* YOUR TASK: Output begins at the line with "Blau Gebraucht 2015" and ends at the last line of the records below. Copy each line in that span exactly, and leave out pictures.

* DATA EXTRACTS:
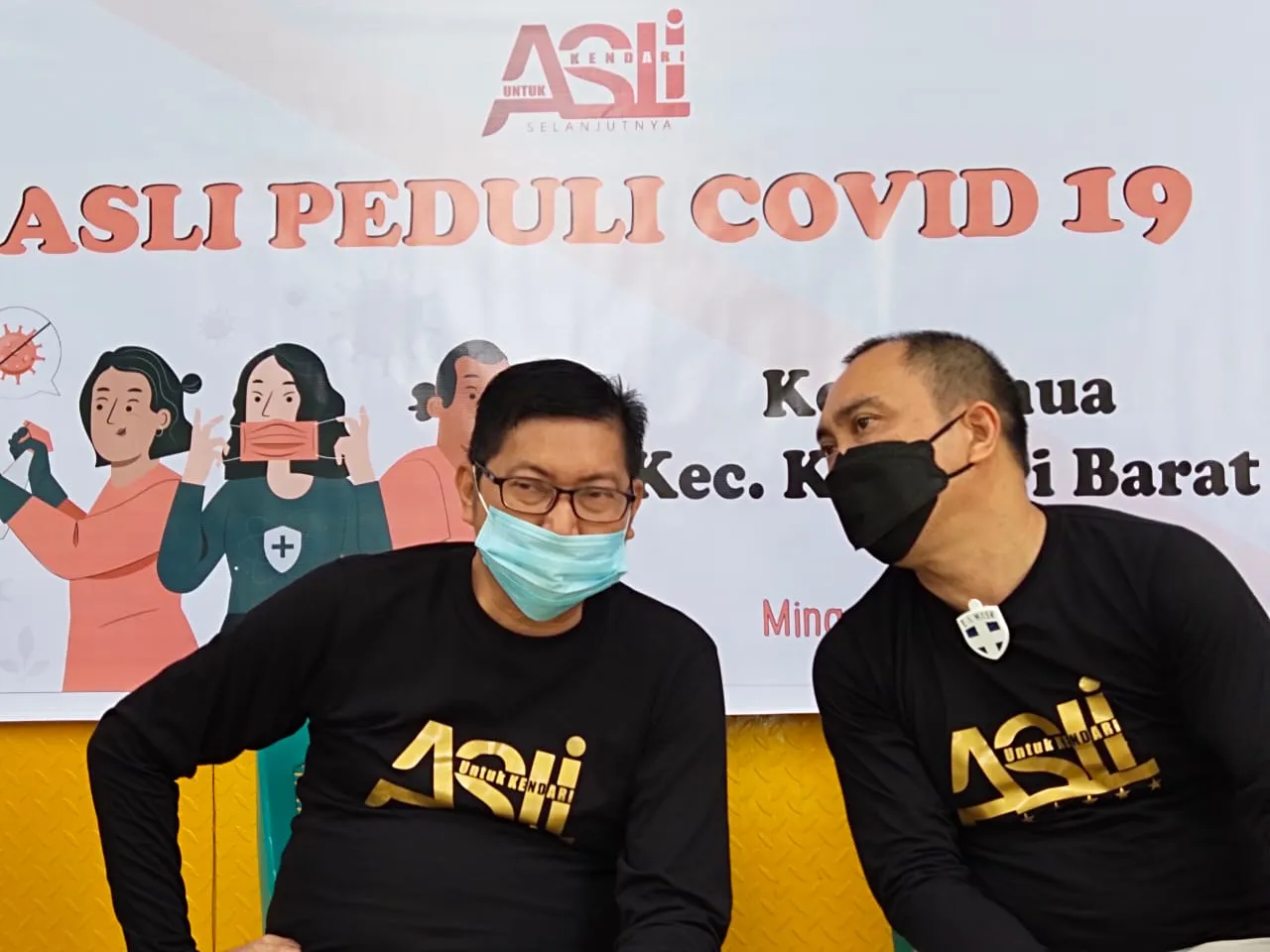 Unggul Polling Online, Andi Sulolipu Siap Dampingi Abdul Razak di Pilwali Kendari 2024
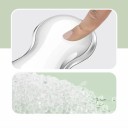 Piastra ergonomica in silicone per polso 14,5 x 8 cm per lavoro con il mouse Supporto per le mani in ufficio Contro la fatica e la pressione 3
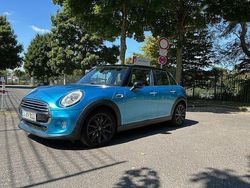 Blau Gebraucht 2015 Mini Cooper Kleinwagen | 13.500 € (Fairer Preis)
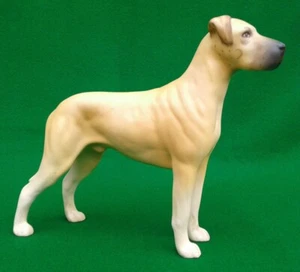 BESWICK DÄNE "CH. LINEAL VON OUBOURGH" - 968 - MATT. - Bild 1 von 13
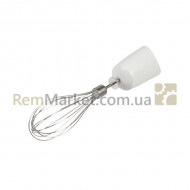 Редуктор с венчиком Braun белый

* ANSWER BOX:
 Blau Gebraucht 2015 Mini Cooper Kleinwagen | 13.500 € (Fairer Preis)
 BESWICK DÄNE "CH. LINEAL VON OUBOURGH" - 968 - MATT. - Bild 1 von 13
 Редуктор с венчиком Braun белый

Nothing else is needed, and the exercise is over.